What county are you located in?


----------



## churumbeque

WickedNag said:


> Serious? I would not have came on your property. You are yelling about calling the police and I read the laws of Ohio concerning shooting a deer and not being able to retrieve it without written permission of the land owner.
> 
> Your family imo handled this very poorly. You don't know who it was, you do not know if the man had a young hunter with him, you did not see anyone, you pointed fingers and called police.
> 
> What county are you located in?


How did they handle it poorly? They questioned the person, he took off, they called the authorities and said who they thought it was. That's what I would have done. And no not everyone is going to run out and butcher a
dead deer taht is dead in there yard. They could have been charged with poaching, they may not have the knowledge to cut it up or have a freezer for it either.


----------



## WickedNag

churumbeque said:


> How did they handle it poorly? They questioned the person, he took off, they called the authorities and said who they thought it was. That's what I would have done. And no not everyone is going to run out and butcher a
> dead deer taht is dead in there yard. They could have been charged with poaching, they may not have the knowledge to cut it up or have a freezer for it either.
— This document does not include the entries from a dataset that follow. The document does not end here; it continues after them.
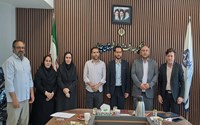 آیین معارفه سرپرست جدید رئیس امور عمومی و اداری شبکه بهداشت و درمان چایپاره برگزار شد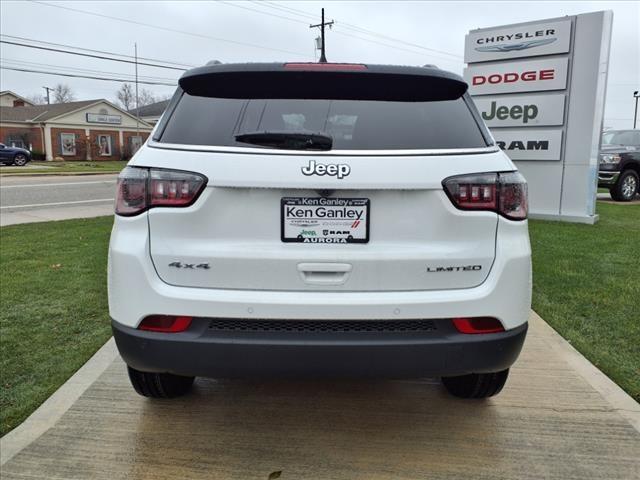 new 2025 Jeep Compass car, priced at $30,595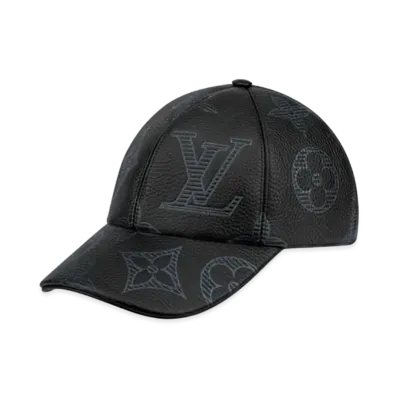 Louis Vuitton Casquette Monogram Shadow "Noir"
Instead of hollaring at the man and telling him they were calling the police, they could have talked to him. They could have found out if it was a man with a young hunter. Instead they are yelling at him that he is not to come on their property. Ohio doesn't let you retrieve a dead or wounded animal on someone else's property without written permission. They may have very well freaked the guy out when they said they were calling the police. 

I didn't expect them to cut it up. I would have handled it differently so that the animal didn't go to waste. There are also laws in effect in Ohio for animals that are destroying crops. That very well could have been the case also but of course, we don't know as the property owners didn't ask any questions. Just seen a dead deer and assumed it was shot on their property.
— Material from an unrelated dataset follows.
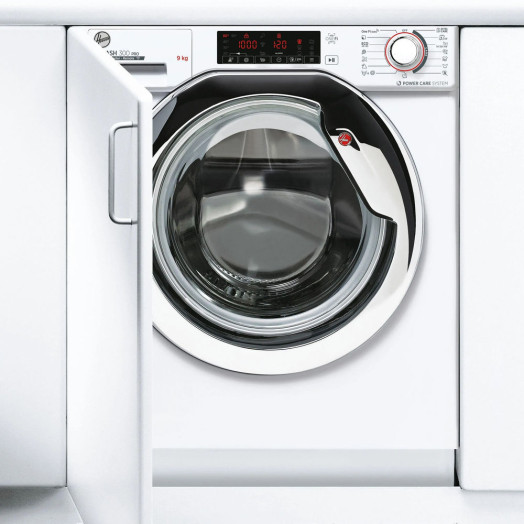 Пральна машина Hoover H-Wash 300 Pro HBWO 916TAMCE-S 9 кг 1600 об/хв Пульт дистанційного керування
The OP has this guy tried and convicted without a trial or even knowing who it is. I guess if they had been serious about thinking this animal was poached they would have let him approach so they could have identified him.

I just hate to see anyone jump to conclusion when it comes to firearms, hunting laws and maybe making false accusations against someone.


----------



## Ladytrails

I'm thinking, the bigger issue here is that you are on a horse in the middle of (your) property where someone has shot a deer and is undoubtedly nearby WITH A LETHAL WEAPON. I would definitely want to make sure that I got out of there safely and called law enforcement to deal with the poacher and the dead deer. A dead deer is not as big of a deal to me as a dead horse or a dead daughter....I would assume that if someone was shooting that close to residental areas, there's no guarantee that you aren't in the line of fire if they thought you were a deer or there was a stray bullet. Yikes! Some poachers don't respect human life - in the midwest, recently a conservation agent was killed in the line of duty. In a perfect world, everybody would be safe and the poacher would be convicted and the deer would be in the freezer, but I'd settle for the first two if I had to pick 2 out of 3.


----------



## WickedNag

I still have to disagree. I very much doubt the hunter was wanting to kill me or my horse. I am betting he would have liked to retrieve his deer. The OP said the guy she accused lived a mile away from her. That is not what I would consider close to a residential area. He may have very well been on his own property when he shot the deer. 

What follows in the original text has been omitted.